I don’t measure to make this, just generally eyeball it, but if you would like amounts my best  guesstimates are thus:

  • 1 large onion
  • 2-3 tablespoons of oil
  • 3 – 4 cloves of garlic (or more)
  • 1 Tablespoon caraway seeds
  • 1 or 2 packages of stewing beef (equal to about 2 large steaks chopped up)
  • 1 Tablespoon of paprika
  • 1 litre of beef broth (I use the salt free)
  •  2 – 1 inch chunks of salami or other smoked meat
  • 1/2 Tablespoon Marjoram
  • 2 medium sized potatoes
  • Salt and pepper to taste

Serve hot with a nice piece of crusty bread and enjoy!

 

 

2 Responses to Goulash Soup

  1. Dollye Zezulka says:

    Like this a lot, never had goulash with potatoes. At the Embassy it is more of a traditional thicker goulash served with the czech dumplings.. i am also going to try your soup idea.

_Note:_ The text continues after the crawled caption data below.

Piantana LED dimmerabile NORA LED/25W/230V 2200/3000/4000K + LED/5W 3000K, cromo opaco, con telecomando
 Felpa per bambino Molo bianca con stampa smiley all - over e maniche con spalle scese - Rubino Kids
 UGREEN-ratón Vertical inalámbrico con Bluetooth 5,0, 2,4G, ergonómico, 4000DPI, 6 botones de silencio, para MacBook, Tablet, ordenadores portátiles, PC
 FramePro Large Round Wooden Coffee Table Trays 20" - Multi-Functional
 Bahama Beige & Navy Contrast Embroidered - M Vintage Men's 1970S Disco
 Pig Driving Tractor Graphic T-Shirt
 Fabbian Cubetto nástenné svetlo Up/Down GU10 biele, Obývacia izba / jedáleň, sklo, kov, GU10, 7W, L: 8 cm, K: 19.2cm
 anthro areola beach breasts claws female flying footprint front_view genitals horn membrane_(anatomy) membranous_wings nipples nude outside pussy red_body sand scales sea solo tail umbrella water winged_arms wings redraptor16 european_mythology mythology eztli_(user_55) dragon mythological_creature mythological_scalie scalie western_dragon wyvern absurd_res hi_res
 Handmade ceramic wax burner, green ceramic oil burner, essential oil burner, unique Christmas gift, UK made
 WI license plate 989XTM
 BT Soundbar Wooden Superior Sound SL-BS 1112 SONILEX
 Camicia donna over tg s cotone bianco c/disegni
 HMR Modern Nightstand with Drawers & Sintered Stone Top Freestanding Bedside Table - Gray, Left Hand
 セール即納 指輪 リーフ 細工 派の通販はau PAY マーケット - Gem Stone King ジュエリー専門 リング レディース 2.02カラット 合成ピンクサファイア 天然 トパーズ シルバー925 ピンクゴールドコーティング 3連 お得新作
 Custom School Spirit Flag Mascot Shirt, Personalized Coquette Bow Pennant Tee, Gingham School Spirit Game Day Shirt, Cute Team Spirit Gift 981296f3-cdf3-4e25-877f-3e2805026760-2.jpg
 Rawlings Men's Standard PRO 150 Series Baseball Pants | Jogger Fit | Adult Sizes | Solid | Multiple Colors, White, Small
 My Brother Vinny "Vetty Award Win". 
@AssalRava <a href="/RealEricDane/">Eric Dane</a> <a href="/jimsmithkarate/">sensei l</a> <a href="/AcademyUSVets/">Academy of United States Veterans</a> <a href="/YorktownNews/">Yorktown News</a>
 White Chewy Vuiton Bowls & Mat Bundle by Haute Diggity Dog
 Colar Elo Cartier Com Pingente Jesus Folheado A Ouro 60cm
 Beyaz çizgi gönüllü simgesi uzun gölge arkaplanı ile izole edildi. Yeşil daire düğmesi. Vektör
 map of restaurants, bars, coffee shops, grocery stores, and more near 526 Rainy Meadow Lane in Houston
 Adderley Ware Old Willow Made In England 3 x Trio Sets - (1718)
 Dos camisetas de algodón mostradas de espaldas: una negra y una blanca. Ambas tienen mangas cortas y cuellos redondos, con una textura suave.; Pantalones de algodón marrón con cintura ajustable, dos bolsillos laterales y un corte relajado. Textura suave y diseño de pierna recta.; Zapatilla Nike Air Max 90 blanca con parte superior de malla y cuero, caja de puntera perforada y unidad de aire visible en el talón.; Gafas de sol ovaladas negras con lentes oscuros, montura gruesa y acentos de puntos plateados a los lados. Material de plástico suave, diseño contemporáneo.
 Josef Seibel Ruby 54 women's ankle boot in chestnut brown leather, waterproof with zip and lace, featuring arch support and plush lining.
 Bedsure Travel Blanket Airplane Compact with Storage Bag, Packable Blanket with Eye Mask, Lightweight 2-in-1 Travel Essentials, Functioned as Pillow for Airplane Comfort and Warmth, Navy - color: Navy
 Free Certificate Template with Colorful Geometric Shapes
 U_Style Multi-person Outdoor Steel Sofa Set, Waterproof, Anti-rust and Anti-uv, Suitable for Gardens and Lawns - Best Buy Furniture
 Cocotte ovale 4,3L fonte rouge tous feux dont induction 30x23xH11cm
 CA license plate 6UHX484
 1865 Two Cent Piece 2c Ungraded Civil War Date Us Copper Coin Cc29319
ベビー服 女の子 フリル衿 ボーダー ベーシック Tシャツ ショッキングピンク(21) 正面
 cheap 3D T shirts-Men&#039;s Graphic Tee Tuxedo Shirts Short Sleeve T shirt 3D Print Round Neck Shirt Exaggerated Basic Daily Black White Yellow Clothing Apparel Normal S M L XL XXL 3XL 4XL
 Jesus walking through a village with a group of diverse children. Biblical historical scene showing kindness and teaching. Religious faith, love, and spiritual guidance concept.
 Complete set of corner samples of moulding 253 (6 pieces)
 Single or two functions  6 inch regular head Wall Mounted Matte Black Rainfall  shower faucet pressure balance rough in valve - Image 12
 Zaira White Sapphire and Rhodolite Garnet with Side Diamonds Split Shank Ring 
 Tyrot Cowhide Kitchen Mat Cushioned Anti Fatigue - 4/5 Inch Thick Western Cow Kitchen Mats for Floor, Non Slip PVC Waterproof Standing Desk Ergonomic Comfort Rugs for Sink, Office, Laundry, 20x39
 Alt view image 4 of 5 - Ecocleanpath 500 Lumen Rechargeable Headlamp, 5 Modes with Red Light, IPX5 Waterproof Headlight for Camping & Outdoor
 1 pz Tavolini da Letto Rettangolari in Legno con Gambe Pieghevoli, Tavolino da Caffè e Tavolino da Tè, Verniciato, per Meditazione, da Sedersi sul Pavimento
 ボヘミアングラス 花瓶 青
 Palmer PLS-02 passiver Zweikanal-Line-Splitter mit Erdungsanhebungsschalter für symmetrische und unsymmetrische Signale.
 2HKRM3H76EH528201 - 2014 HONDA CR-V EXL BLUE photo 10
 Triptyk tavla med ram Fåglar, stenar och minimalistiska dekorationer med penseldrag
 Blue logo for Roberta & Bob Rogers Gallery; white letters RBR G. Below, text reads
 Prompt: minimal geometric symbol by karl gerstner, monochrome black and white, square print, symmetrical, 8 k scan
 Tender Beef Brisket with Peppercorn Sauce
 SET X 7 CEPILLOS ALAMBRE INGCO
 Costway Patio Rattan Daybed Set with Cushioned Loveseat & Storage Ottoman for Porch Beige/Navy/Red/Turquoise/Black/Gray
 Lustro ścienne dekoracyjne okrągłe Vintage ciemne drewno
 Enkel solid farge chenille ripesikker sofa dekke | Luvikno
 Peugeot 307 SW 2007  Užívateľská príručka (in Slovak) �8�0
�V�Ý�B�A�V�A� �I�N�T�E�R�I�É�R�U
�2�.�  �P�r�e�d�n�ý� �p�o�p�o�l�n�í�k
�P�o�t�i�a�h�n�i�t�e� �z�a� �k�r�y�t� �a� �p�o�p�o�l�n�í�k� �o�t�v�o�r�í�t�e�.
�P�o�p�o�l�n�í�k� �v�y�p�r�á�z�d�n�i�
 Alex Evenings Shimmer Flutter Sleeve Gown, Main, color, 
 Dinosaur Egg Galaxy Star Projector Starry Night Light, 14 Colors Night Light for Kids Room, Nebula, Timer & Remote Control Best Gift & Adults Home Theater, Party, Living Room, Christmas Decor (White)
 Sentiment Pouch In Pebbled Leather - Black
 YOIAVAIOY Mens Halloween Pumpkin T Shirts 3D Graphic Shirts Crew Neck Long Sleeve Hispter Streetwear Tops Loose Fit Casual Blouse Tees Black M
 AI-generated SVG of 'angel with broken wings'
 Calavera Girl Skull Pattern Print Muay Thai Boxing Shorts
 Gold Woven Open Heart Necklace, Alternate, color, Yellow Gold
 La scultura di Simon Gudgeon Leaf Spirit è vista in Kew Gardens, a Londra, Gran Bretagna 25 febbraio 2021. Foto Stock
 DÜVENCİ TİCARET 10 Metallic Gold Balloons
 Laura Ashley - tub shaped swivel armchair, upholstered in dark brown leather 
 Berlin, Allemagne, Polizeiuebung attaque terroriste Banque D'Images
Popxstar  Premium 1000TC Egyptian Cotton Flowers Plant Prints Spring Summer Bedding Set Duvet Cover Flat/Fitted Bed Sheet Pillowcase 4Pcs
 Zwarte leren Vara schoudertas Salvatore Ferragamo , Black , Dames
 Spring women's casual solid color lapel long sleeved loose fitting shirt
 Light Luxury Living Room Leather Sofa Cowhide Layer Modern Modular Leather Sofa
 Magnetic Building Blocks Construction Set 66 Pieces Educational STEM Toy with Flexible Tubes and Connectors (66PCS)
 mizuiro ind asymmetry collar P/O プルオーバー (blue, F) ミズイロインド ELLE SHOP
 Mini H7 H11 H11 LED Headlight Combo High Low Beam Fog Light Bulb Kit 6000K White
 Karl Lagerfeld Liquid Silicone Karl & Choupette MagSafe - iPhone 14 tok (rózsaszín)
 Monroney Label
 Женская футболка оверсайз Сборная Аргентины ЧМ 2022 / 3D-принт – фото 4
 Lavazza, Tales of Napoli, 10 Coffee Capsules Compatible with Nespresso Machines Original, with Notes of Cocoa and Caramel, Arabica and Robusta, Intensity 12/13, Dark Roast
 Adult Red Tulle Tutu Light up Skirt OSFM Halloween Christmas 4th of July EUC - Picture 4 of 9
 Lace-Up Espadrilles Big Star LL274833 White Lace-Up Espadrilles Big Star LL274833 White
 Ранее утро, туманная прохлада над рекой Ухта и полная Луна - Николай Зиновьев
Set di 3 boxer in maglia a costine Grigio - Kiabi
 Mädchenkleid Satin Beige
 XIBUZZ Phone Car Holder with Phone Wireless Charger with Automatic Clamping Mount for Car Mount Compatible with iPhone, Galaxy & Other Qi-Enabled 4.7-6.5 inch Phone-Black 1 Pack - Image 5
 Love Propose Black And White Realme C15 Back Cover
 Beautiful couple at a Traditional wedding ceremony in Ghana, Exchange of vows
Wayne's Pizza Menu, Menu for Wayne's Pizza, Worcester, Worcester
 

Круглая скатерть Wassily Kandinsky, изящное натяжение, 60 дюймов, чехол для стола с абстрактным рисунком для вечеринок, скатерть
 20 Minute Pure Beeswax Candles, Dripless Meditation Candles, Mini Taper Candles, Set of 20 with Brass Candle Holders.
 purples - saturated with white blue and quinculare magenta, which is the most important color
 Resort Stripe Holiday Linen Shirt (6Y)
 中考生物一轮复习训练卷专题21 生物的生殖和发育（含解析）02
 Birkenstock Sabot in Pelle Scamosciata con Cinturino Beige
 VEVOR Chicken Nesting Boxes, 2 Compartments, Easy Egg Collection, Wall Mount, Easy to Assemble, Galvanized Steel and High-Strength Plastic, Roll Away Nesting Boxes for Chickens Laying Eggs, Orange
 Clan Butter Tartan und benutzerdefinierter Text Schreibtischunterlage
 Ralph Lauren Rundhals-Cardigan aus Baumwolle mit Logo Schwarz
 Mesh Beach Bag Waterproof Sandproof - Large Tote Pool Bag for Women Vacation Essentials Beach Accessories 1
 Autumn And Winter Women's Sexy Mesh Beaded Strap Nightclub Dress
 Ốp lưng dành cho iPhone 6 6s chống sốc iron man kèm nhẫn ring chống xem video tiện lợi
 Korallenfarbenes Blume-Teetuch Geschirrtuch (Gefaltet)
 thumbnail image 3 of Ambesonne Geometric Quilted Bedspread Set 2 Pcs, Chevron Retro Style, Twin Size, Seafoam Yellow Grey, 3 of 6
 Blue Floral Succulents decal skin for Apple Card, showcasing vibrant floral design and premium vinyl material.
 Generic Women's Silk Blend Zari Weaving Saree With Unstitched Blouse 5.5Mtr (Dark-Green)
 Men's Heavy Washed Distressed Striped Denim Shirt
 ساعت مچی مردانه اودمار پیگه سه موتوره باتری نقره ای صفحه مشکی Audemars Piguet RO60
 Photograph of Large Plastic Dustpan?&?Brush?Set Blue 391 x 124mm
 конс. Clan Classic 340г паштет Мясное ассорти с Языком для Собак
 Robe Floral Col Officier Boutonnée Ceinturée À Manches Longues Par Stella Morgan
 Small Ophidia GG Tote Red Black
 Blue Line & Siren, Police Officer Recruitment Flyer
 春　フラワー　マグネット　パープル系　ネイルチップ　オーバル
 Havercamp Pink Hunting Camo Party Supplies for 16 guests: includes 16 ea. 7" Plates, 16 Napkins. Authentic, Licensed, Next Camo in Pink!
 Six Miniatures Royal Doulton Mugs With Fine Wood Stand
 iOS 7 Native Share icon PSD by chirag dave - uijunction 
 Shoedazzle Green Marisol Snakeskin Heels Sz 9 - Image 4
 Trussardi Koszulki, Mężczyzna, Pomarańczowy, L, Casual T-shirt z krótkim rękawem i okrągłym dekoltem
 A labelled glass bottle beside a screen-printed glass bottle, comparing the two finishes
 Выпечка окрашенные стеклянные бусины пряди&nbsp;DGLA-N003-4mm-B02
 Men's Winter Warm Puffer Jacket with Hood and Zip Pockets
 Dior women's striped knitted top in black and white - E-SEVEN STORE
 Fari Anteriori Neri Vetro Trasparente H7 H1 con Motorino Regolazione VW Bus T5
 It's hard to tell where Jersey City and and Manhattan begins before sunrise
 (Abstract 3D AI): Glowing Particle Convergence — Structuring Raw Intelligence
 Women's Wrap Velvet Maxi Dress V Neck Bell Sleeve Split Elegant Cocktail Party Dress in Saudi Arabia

Sounds like a wonderful filling and hearty soup.

    • Pussycat says:

      I have to admit that our family generally had the dumplings as well but in the last ten years or so we’ve gotten away from them a bit just because they are labour intensive AND super filling. I think that’s part of the reason why I love this soup, you get all the flavour and less of the heaviness.

      So glad you’re going to try some of these recipes… you’ll have to let me know how they turn out for you!